High-performance library for fetching, storing, and streaming historical cryptocurrency market data
Project description
wickdata
High-performance Python library for fetching, storing, and streaming historical cryptocurrency market data.
Features
- 📊 Historical Data Fetching - Fetch OHLCV candle data from 100+ cryptocurrency exchanges
- 💾 Efficient Storage - SQLite database with automatic deduplication and indexing
- 🚀 Streaming Capabilities - Memory-efficient streaming for large datasets
- 🔍 Intelligent Gap Detection - Automatically identify and fill missing data periods
- 📈 Progress Tracking - Real-time progress updates for long-running operations
- 🔄 Retry Logic - Automatic retries with exponential backoff for failed requests
- 🏗️ Builder Patterns - Intuitive APIs for constructing queries and requests
- ⚡ Async/Await - Full async support for high-performance operations
- 🔌 Exchange Support - Built on CCXT for compatibility with 100+ exchanges
- ✅ Comprehensive Testing - 90%+ test coverage ensuring reliability and stability
Installation
pip install wickdata
Or install from source:
git clone https://github.com/h2337/wickdata.git
cd wickdata
pip install -e .
Quick Start
import asyncio
from wickdata import WickData, DataRequestBuilder, create_binance_config
async def main():
# Configure exchanges
exchange_configs = {
'binance': create_binance_config() # API keys optional for public data
}
# Initialize WickData
async with WickData(exchange_configs) as wickdata:
# Get data manager
data_manager = wickdata.get_data_manager()
# Build request for last 7 days of BTC/USDT hourly data
request = (DataRequestBuilder.create()
.with_exchange('binance')
.with_symbol('BTC/USDT')
.with_timeframe('1h')
.with_last_days(7)
.build())
# Fetch with progress tracking
def on_progress(info):
print(f"{info.stage}: {info.percentage:.1f}%")
stats = await data_manager.fetch_historical_data(request, on_progress)
print(f"Fetched {stats.total_candles} candles")
asyncio.run(main())
Check examples/ directory for more examples.
Core Components
WickData
Main entry point for the library.

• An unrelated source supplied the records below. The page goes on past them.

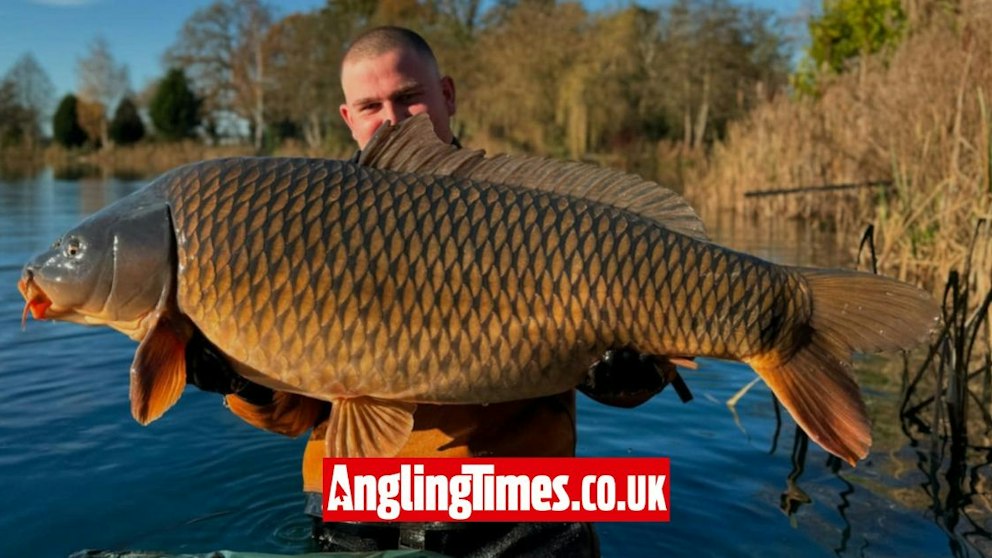 British Record Monumental carp near British Record stocked into popular fishery ...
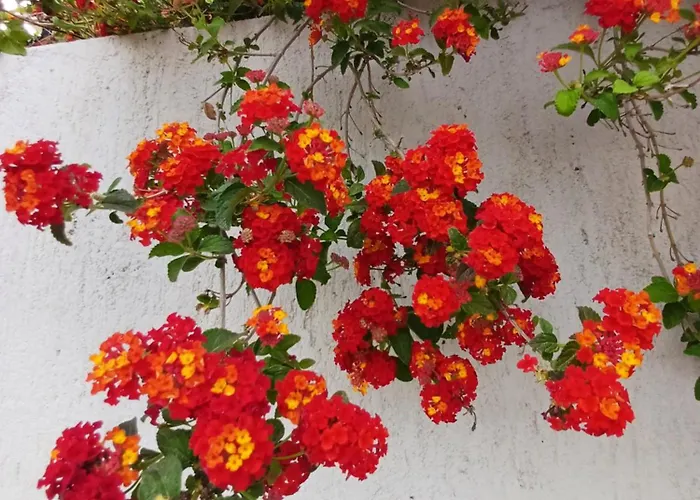 וילה Richmond Greece פורוס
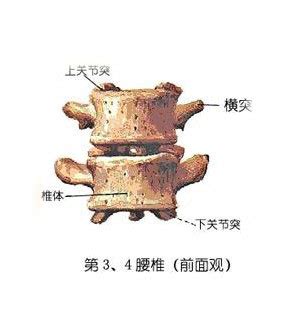 腰椎构造图解图片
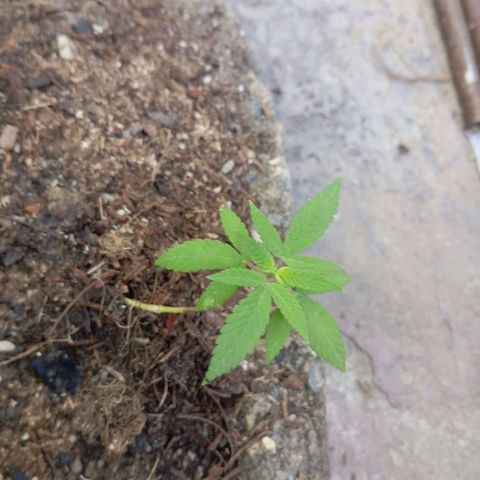 Genética desconhecida growlog timeline photo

Manages database, exchanges, and provides access to data operations.
DataManager
Handles fetching, storing, and querying historical data with intelligent gap detection.
DataStreamer
Provides memory-efficient streaming of large datasets with various output options.
Builder Patterns
- DataRequestBuilder - Build data fetch requests with convenient methods
- CandleQueryBuilder - Construct database queries with fluent interface
Supported Timeframes
- 1m, 3m, 5m, 15m, 30m (minutes)
- 1h, 2h, 4h, 6h, 8h, 12h (hours)
- 1d, 3d (days)
- 1w (week)
- 1M (month)
Configuration
Exchange Configuration
from wickdata import create_binance_config, create_coinbase_config
# Binance
binance_config = create_binance_config(
api_key='your-api-key', # Optional for public data
secret='your-secret', # Optional for public data
testnet=False
)
# Coinbase
coinbase_config = create_coinbase_config(
api_key='your-api-key',
secret='your-secret',
passphrase='your-passphrase',
sandbox=False
)
Database Configuration
from wickdata.models.config import DatabaseConfig, WickDataConfig
config = WickDataConfig(
exchanges={'binance': binance_config},
database=DatabaseConfig(
provider='sqlite',
url='sqlite:///my_data.db'
),
log_level='INFO'
)
Examples
Fetching Historical Data
# Using convenience methods
request = (DataRequestBuilder.create()
.with_exchange('binance')
.with_symbol('ETH/USDT')
.with_timeframe('4h')
.with_last_weeks(2) # Last 2 weeks
.build())
# Or specific date range
request = (DataRequestBuilder.create()
.with_exchange('binance')
.with_symbol('BTC/USDT')
.with_timeframe('1d')
.with_date_range('2024-01-01', '2024-01-31')
.build())
Querying Stored Data
# Create query builder
query = CandleQueryBuilder(repository)
# Get recent data with pagination
candles = await (query
.exchange('binance')
.symbol('BTC/USDT')
.timeframe(Timeframe.ONE_HOUR)
.date_range(start_date, end_date)
.limit(100)
.offset(0)
.execute())
# Get statistics
stats = await query.stats()
Streaming Data
# Stream with async generator
async for batch in data_streamer.stream_candles(
exchange='binance',
symbol='ETH/USDT',
timeframe=Timeframe.FIVE_MINUTES,
start_time=start_timestamp,
end_time=end_timestamp,
options=StreamOptions(batch_size=1000, delay_ms=100)
):
process_batch(batch)
# Stream to callback
await data_streamer.stream_to_callback(
exchange='binance',
symbol='BTC/USDT',
timeframe=Timeframe.ONE_HOUR,
start_date=start_date,
end_date=end_date,
callback=process_candles,
options=StreamOptions(batch_size=500)
)
Gap Detection and Analysis
# Find missing data
gaps = await data_manager.find_missing_data(
exchange='binance',
symbol='BTC/USDT',
timeframe=Timeframe.ONE_HOUR,
start_date=start_date,
end_date=end_date
)
print(f"Found {len(gaps)} gaps")
for gap in gaps:
print(f" Gap: {gap.get_start_datetime()} to {gap.get_end_datetime()}")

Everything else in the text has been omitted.